Firstly, If your website has no true ‘value proposition’, or you can’t effectively communicate this to your website visitors, then you are wasting money driving traffic to it. Because if you can’t nail this value proposition down and present it with clarity, then your visitors sure won’t know it – and will instead simply go to your competitors that do know theirs and know how to present it. Probably never to come back to your website again.

A great way to find out if your website has a good value proposition is to put yourself in the shoes of your visitors and ask these 3 questions:

1. Where am I?   2. What can I do here?   3. Why should I do it here?

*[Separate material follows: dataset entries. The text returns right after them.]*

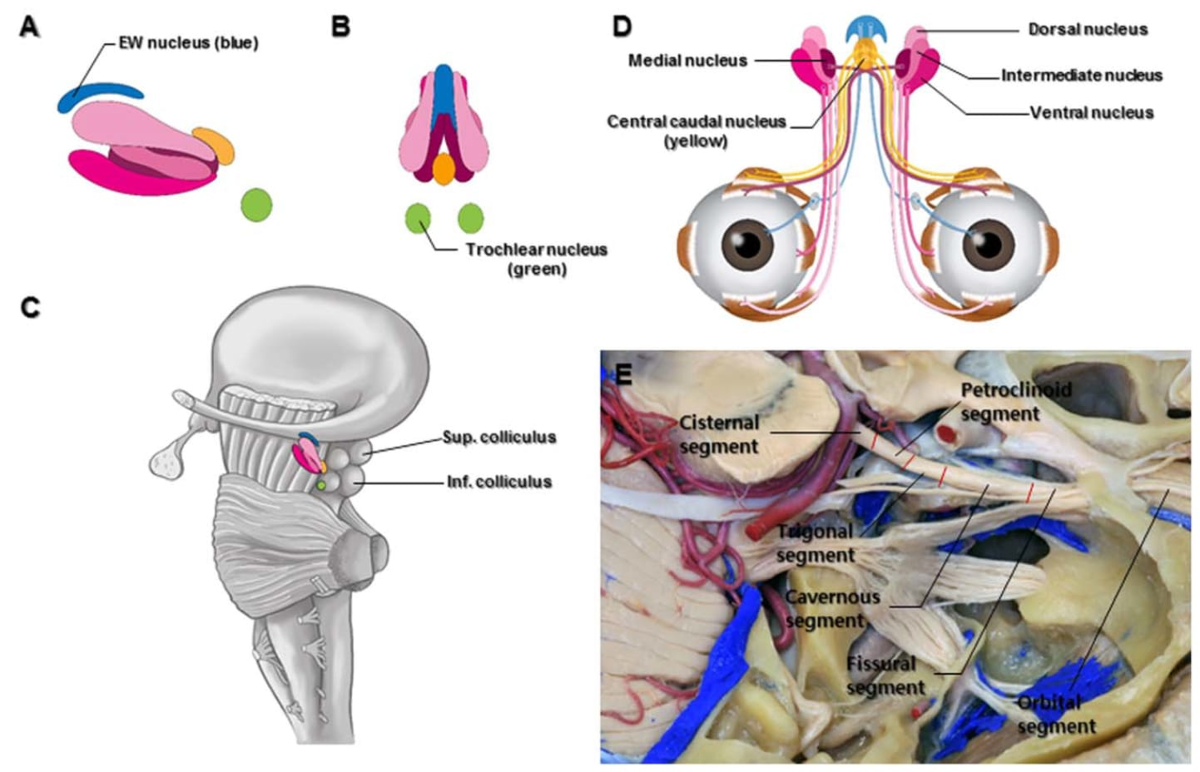 健康・医学 Neuroanatomy of the Oculomotor System 2 Oculomotor Nerve | Cohen Collection | Volumes | The Neurosurgical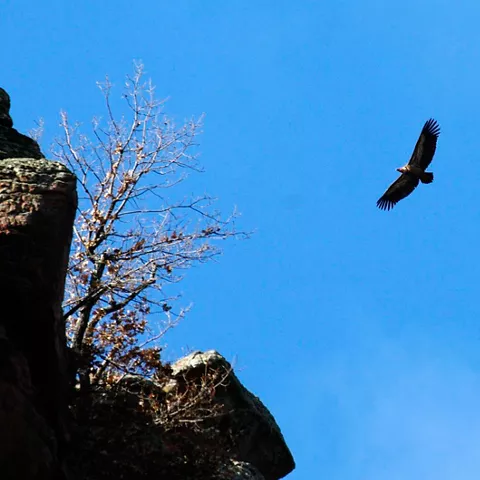 Ave rapaz volando sobre rocas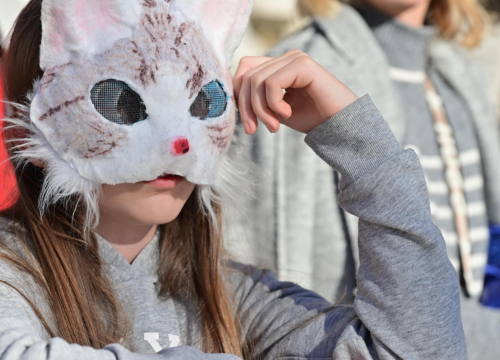 Fotografija 5 - Maškarana povorka prošla kroz grad (2)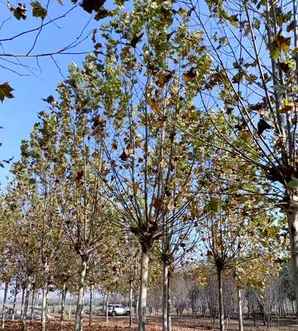 法桐树种植基地，法桐树种植成活率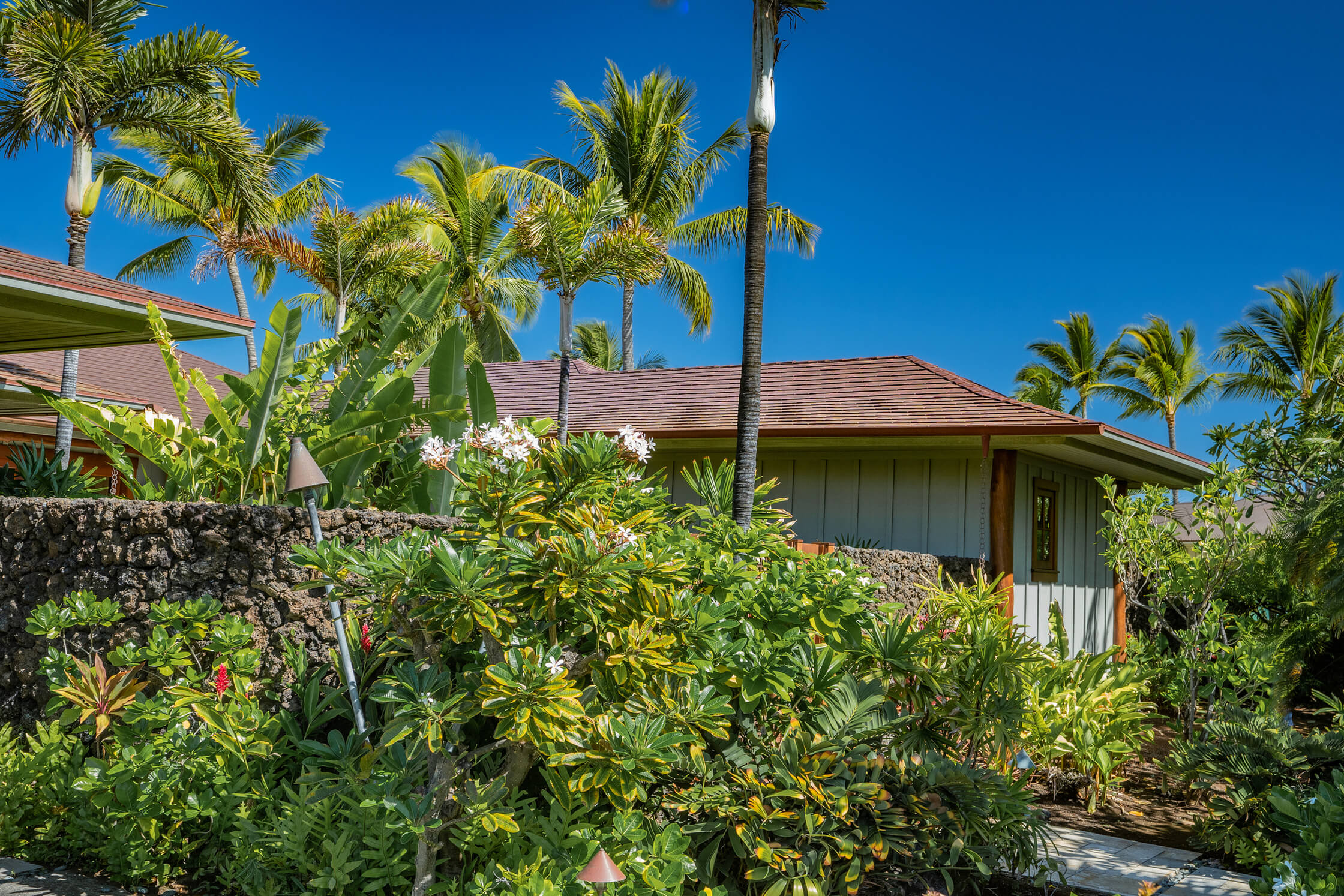 A beautiful home in hawaii surrounded by plants an trees.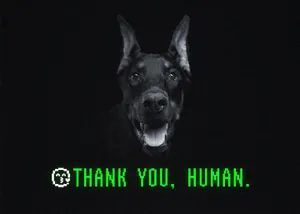 Pinscher Free Bitmap Font 最新免费像素字体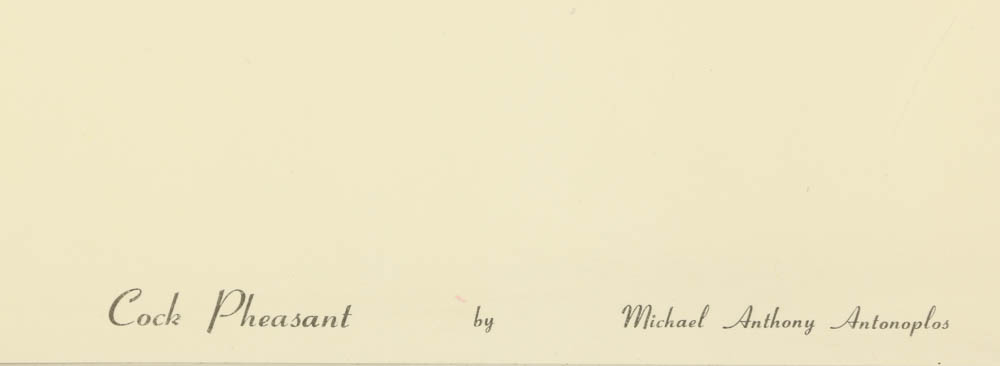 Reproduction Collotypes After M.A. Antonoplos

If you can’t answer all those questions well, then chances are your website doesn’t have a good value proposition that is going to make your website visitors stick around. Seriously, try it with your website, you might be a little surprised how hard this is to come up with. And don’t confuse a value proposition with your business model. Visitors don’t care about that – they want to know what’s in it for them and what makes you so different. 

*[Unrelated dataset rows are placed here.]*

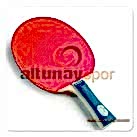 DHS Tek Yıldız Masa Tenisi raketi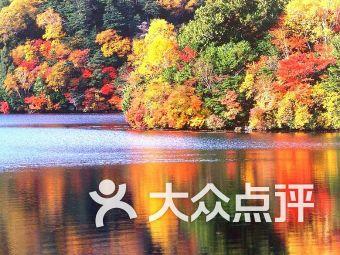 像素世界大冒险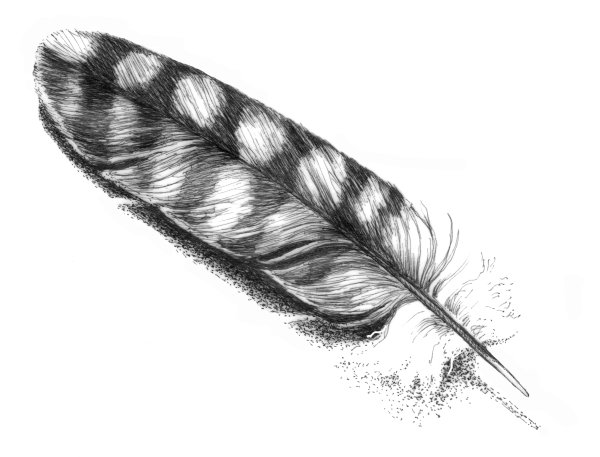 Перо иллюстрация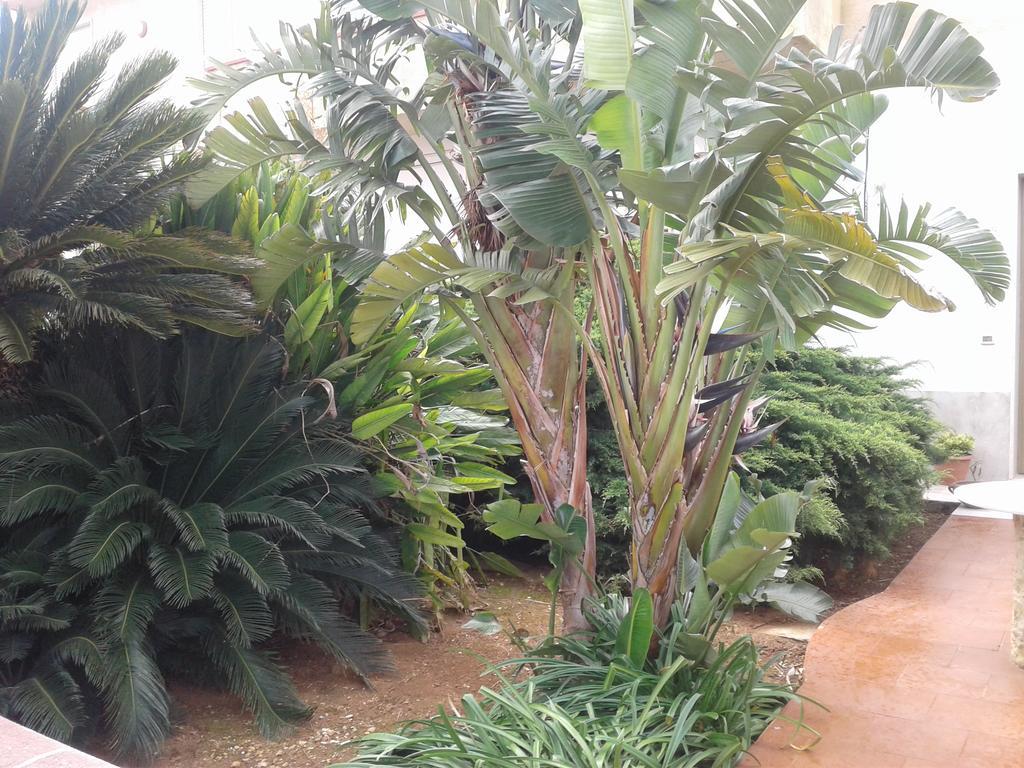 La Mimosa Case Vacanze مارسالا المظهر الخارجي الصورة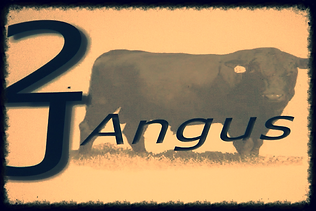 2J Angus Bull Sale Ogden Iowa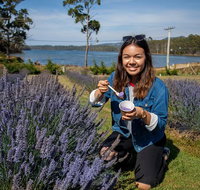 Port Arthur and Lavender Farm Active Day Tour - Hotel QLD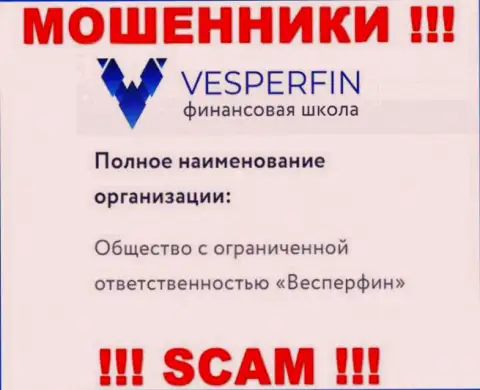 Сведения про юр лицо internet-мошенников VesperFin - ООО Весперфин, не сохранит Вас от их загребущих рук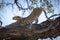 Adult leopard having a big stretch with arched back while standing in a large dead tree branch in Khwai Okavango in Botswana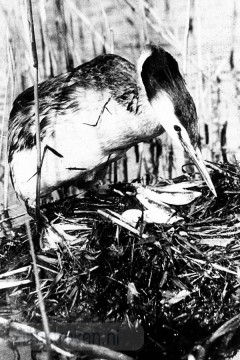 Vogels van het Rietland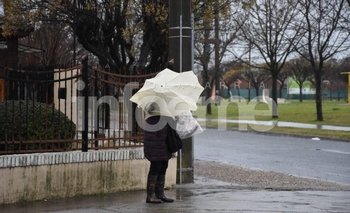Imagen de la nota: Las lluvias trajeron alivio al sector agropecuario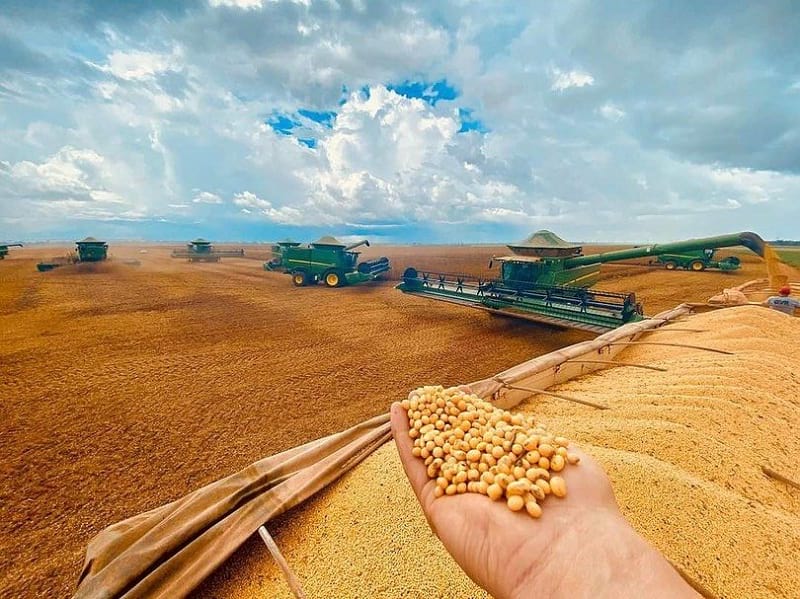 Brazil Agricultural Products Exporters Brazil Agricultural Products Exporters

The second more unique things that I learnt was that if your website offers too much ‘friction’ that confuses visitors, or too much anxiety’that prevents users from wanting to buy or convert for your offer, then you definitely are going to have a struggle ahead of you to build a well optimized website. You should make sure to look for and fix non-confusing eye flow on your pages, overly-long forms, bad button design, no credibility indicators, testimonials or guarantees, to name but a few anxiety and friction issues.

I thoroughly recommend taking this class, and the instructor Flint McGlaughlin was superb (and funny, which helps!). It’s not a cheap workshop, but its certainly a big mind expander – and also its information that I haven’t seen in any books before. And believe me, I have read my fair share of website optimization books! So I am definitely excited to finally be website optimization certified (and not just certifiably crazy…) hopefully I can teach you all a trick or two?